Keep it simple, silly

Sunday, July 03, 2005

The woods here in West Virginia are green and damp. It is the middle of summer and there is a chill in the air. It is beautiful. Beyond the violins, mandolins, guitars and drums, beyond the hubbub of this Rainbow Gathering, birds still chirp and bugs still crawl.

There are thousands of people here at this annual celebration of hippydom, scattered over a number of acres in a national park. When I arrived and parked my car I heard some distant drumming through the darkness. Torch in hand, I worked my way down a faint path towards it to find the first stop in a wonderland where the paths are muddy and the people are (generally) happy.

The rainbow tribe call the ‘real’ world Babylon: a land of avarice and pride, lust and gluttony; a land where seven is far too small a number to count the sins committed. It recalls memories for me of the time my father told me the community I was living on was La-La Land; I walked the streets of his city soon after that and everywhere I saw La-La Land: in the vacant stares of the drug affected – legal or illegal, they were everywhere; I saw it in the shallow glorification of the dollar; it was rampant in the media, filled with words like ‘outrage’ and ‘special offer’; the caked on makeup did nothing to cover it and neither did the suits.

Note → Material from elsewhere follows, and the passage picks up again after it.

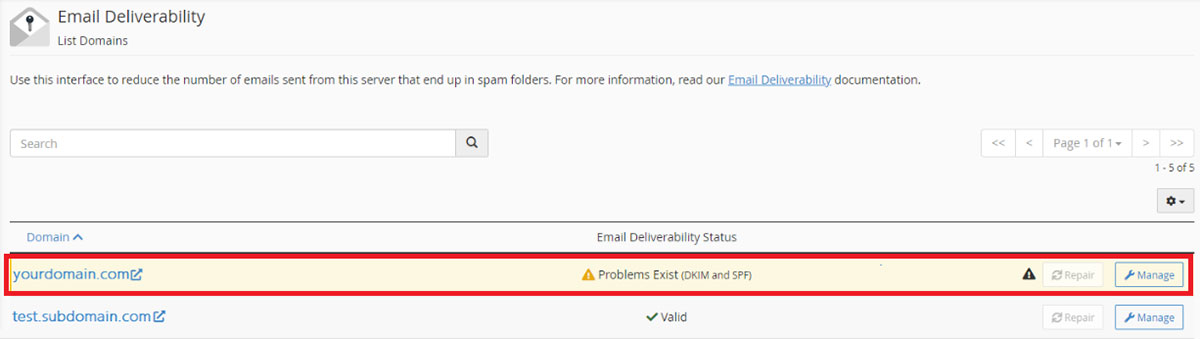 cpanel email problem with delivery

That was then. I heard someone speak of the ‘chains of Babylon’ last night and had no idea what he meant. I knew exactly what it meant when I wore a suit and bought the special offers and did everything I could to drink the pain away. Now someone says ‘the chains of Babylon’ and I hear ‘the bondage of my mind’. I am sure I could walk through that same city today and see a very different place, just as I recall doing last time I was there.

And after all that, my father was right: I am living in La-La Land. My father is often right. Only La-La Land isn’t a particular place; it is a state of mind. And maybe everybody lives in La-La Land because everybody’s reality is a mere reflection of their mind: I show ten people the same thing and they will all report a different experience. Multiply this by every single sensation and it becomes clear why people can seem so different to one another. Perception is the master of illusion.

So this is La-La Land. As they say here at the Rainbow Gathering: Welcome home!